Intégration régionale
L’idée de la création d’une compagnie régionale pour l’espace aérien que couvre ces 5 pays du sahel a été lancée en novembre 2015 à l’issue du deuxième sommet de l’organisation qui s’est tenu à N’Djaména au Tchad. A travers cette initiative, les pays visent à promouvoir l’intégration régionale dans la sous-région dans le cadre des actions de développement envisagé pour faire face à la montée des risques terroristes au Sahel, objectif prioritaire qui a conduit à la création du G5 en 2014. Comme l’a expliqué à plusieurs occasions, Najim Elhadj Mohamed, le secrétaire permanent de l’organisation, « il n y a pas de sécurité sans développement ».

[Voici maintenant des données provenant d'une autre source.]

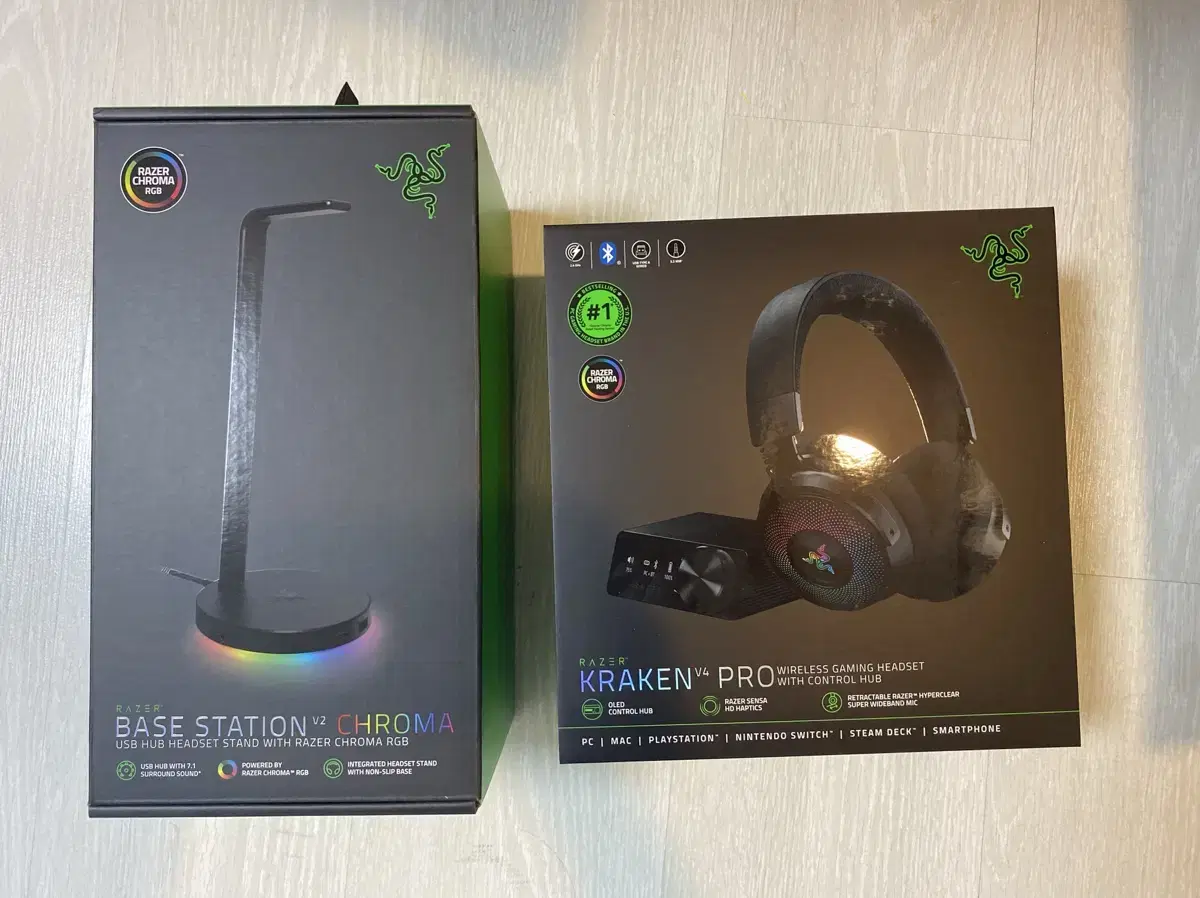 레이져 크라켄 v4 pro+레이져 헤드셋 거치대 razer karken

Sur le papier, le projet, qui fait également partie des objectifs de la Stratégie de développement du Sahel (SDS), a tout pour séduire. La desserte aérienne des principales villes sahéliennes relève d’un véritable parcours du combattant dans cette zone assez enclavée. Pour rallier une capitale à une autre, les voyageurs sont par exemple, obligés de recourir à de longs voyages sur d’autres compagnies avec des escales prolongées, comme Casablanca ou même Paris. Il y a donc également de la marge pour un opérateur sur les lignes visées par le projet et afin d’accompagner sa mise en œuvre et la viabilité de la compagnie, les chefs d’Etat du G5 ont d’ailleurs évoqué à Bamako, l’idée de suppression de visa pour leurs ressortissants.
Zones de turbulences avant l’entrée en piste
Le lancement de la nouvelle compagnie aérienne dans le ciel sahélien risque cependant de butter sur d’énormes difficultés. Si des partenaires financiers comme la Banque arabe pour le développement économique (BADEA), ont déjà donné leurs accords de principe pour accompagner la mise en œuvre du projet, la suite du processus risque de s’avérer plus compliquée. La mobilisation du secteur privé pour entrer dans le capital de la compagnie n’est pas garantie surtout au regard de la situation très critique que vivent certaines compagnies aériennes nationales. C’est d’ailleurs sur cet aspect que tout va se jouer, la viabilité de l’entreprise risque de se confronter aux mêmes problèmes qui ont eu raison de plusieurs autres opérateurs lancés par plusieurs pays de la sous-région. Qu’ils s’agissent de Toumai Air Tchad, Air Mauritanie, Air Mali ou Air Burkina, les expériences avortées ne manquent pas pour rappeler la difficulté du projet. A moins que le plan de vol de la nouvelle compagnie ne soit véritablement étoffé, en tirant notamment les leçons du passé, Air Sahel risque de se confronter aux mêmes difficultés auxquelles fait face le ciel africain. Il est vrai que ces derniers temps, plusieurs experts plaident pour un regroupement des petites compagnies à capitaux publics pour l’émergence de véritables champions régionaux, capables de faire face à la concurrence des grandes compagnies qui dominent le marché africain. Des mesures d’accompagnement seront donc nécessaires pour les premiers vols de « Air Sahel » et le cas des pays membres du G5 qui disposent de leurs propres compagnies nationales devrait être revu pour mieux positionner le nouvel entrant communautaire.
C’est ainsi que la compagnie, encore sur papier, pourra prendre son envol et se consacrer à tenir tête à d’autres projets régionaux qui ont déjà vu le jour pour des objectifs d’intégration assez similaires mais qui peinent encore à décoller véritablement.